Even though Light Waves will only feature the South African leg of her project, Koerner has travelled all over the world, photographing women to spread awareness of their marginalisation.
After California, she worked in New York at documentary photographer Mary Ellen Marks’ studio for four months. As much as she loved it, she was craving other adventures so she went back to Bali, Indonesia. It was there that she continued with her portraits of women surfers.
“I started documenting my friends and meeting new women. I had my first show at Deus gallery and this is where the project got its name Light Waves. After the Bali show I received so many private messages from other surfer women and women who don’t surf, expressing their appreciation and gratitude for the show as they felt women were shown in their true natural raw form, without make up, not photoshopped and not sexualised,” she said.

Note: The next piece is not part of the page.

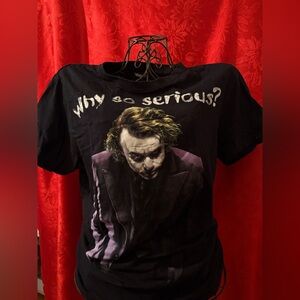 Batman Black Graphic T-Shirt with Joker Design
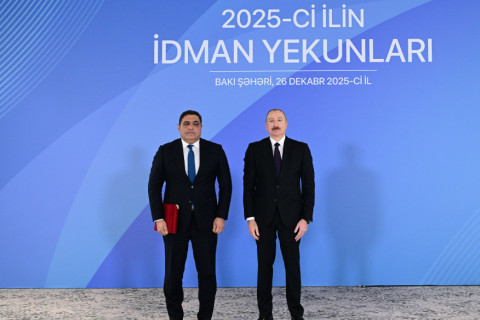 President Ilham Aliyev attended ceremony dedicated to 2025 sports results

After Bali, Koerner went to Australia to document women surfers there. The images were shown at the Byron Bay Surf Festival in early 2017. New Zealand was her next stop. Finally she returned to South Africa.
“I am thrilled to have been back in South Africa this year to capture the growing amount of single fin women here. So far, I have photographed over 30 women here.”
Koerner is especially influenced by the women in their sixties and seventies who brave all odds and go surfing as much as they can. For this show, the legendary Bernie Shelly is one of her favourites.
She, as a grandmother of six and having had two hip replacements at age 70, is an inspiration to all with her graceful style.
So far Koerner has captured over 140 surf women and intends to travel around the world in between her work to complete the story and publish a coffee table book.
The exhibition opens on Thursday at the Red Bull Studios on Bree Street in the CBD.
Photographer Saskia Koerner has captured over 140 surf women in their element.